This is a question about the action of the Dirac delta on Sobolev spaces $H^s(\mathbb{R}^d) = W^{s,2}(\mathbb{R}^d)$.
We know that $\delta(\underline{x})\in H^s(\mathbb{R}^d)$ for $s<-d/2$.
In 2D, consider $v \in H^2(\mathbb{R}^2)$. Since $\delta(\underline{x})\in H^{-2}(\mathbb{R}^2)$ (the dual of $H^2(\mathbb{R}^2)$), the Dirac delta acts on $v$ as $$\int_{\mathbb{R}^2} \delta(\underline{x}) v(\underline{x}) \; \mathrm{d}\underline{x} = v(\underline{0}).$$ Furthermore, in 2D, we have the Sobolev embedding $H^2(\mathbb{R}^2) \subset C^0(\mathbb{R}^2)$, so the value of $v$ at $\underline{0}$ is well-defined.

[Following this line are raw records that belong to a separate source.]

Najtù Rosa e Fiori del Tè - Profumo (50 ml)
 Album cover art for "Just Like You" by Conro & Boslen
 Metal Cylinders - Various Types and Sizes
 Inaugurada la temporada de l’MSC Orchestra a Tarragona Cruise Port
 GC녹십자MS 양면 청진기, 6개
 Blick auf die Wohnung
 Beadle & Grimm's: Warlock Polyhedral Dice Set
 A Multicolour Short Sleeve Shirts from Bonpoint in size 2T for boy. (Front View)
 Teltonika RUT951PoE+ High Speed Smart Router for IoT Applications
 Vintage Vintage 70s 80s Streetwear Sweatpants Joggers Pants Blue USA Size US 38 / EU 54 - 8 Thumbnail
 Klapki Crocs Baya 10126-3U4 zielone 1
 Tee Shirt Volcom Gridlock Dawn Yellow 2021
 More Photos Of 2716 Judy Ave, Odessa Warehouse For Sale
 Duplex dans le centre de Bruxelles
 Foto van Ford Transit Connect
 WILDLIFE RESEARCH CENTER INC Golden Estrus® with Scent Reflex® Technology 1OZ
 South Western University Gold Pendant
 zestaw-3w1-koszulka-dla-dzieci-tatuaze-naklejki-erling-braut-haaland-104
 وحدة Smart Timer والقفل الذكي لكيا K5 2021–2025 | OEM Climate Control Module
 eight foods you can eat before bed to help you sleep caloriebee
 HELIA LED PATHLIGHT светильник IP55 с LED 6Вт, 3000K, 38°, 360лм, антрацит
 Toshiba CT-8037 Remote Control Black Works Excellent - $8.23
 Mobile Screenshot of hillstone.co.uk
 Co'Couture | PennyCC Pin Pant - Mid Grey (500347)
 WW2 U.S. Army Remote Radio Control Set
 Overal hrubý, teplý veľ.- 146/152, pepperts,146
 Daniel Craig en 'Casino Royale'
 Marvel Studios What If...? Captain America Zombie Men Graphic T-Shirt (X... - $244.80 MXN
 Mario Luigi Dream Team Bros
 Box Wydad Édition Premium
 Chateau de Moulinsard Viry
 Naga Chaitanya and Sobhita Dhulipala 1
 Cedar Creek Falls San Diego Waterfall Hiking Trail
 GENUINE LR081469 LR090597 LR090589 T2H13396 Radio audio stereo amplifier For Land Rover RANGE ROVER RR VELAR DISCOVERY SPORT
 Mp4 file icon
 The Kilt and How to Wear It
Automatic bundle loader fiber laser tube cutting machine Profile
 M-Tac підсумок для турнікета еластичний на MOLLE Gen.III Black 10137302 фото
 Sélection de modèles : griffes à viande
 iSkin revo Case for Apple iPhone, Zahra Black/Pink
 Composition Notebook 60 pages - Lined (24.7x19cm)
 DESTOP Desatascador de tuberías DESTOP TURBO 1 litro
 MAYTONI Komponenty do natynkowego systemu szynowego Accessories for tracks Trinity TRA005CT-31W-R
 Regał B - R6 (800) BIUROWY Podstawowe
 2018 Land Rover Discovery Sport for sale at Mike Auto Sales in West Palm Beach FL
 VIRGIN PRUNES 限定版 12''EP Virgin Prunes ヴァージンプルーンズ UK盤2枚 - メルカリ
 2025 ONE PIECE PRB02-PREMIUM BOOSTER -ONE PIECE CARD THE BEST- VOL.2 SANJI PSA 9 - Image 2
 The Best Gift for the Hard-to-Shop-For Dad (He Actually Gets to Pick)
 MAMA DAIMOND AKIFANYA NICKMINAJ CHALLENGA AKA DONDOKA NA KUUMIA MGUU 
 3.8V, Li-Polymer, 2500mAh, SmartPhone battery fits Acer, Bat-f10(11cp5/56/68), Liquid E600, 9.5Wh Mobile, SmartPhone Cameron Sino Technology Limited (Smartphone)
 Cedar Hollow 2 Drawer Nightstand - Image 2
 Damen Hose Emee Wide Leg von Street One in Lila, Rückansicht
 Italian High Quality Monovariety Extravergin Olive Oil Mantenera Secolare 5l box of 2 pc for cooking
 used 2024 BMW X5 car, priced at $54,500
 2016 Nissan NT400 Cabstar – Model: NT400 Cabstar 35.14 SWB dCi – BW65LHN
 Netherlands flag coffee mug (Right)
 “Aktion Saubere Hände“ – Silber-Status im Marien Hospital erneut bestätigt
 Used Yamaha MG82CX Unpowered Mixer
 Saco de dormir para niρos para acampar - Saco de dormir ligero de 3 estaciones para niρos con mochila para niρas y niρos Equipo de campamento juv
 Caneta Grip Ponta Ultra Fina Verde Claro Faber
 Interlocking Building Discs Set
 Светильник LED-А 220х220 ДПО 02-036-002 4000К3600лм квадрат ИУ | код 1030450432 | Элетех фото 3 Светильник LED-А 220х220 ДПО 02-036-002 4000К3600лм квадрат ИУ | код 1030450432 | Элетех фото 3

However in 3D I am a bit confused: Take $v \in H^2(\mathbb{R}^3)$, and we still have $\delta(\underline{x})\in H^{-2}(\mathbb{R}^3)$. The action of $\delta$ on $v$ should be well-defined as above. However, in 3D we know that $H^2(\mathbb{R}^3) \not\subset C^0(\mathbb{R}^3)$, so I can't see how the answer of $v(\underline{0})$ is well-defined as we shouldn't be able to talk about point values of $v$.
Thanks.
I think the mistake is that $$ H^2(\mathbb R^3) \subset C^0(\mathbb R^3) $$ is true.
Using the Sobolev embedding theorem, we can see that $H^2(\mathbb R^3) =W^{2,2}(\mathbb R^3)\subset W^{1,6}(\mathbb R^3)$.
Then using the part of the theorem that uses Holder spaces, we have $ W^{1,6}(\mathbb R^3) \subset C^{0,\tfrac12}(\mathbb R^3). $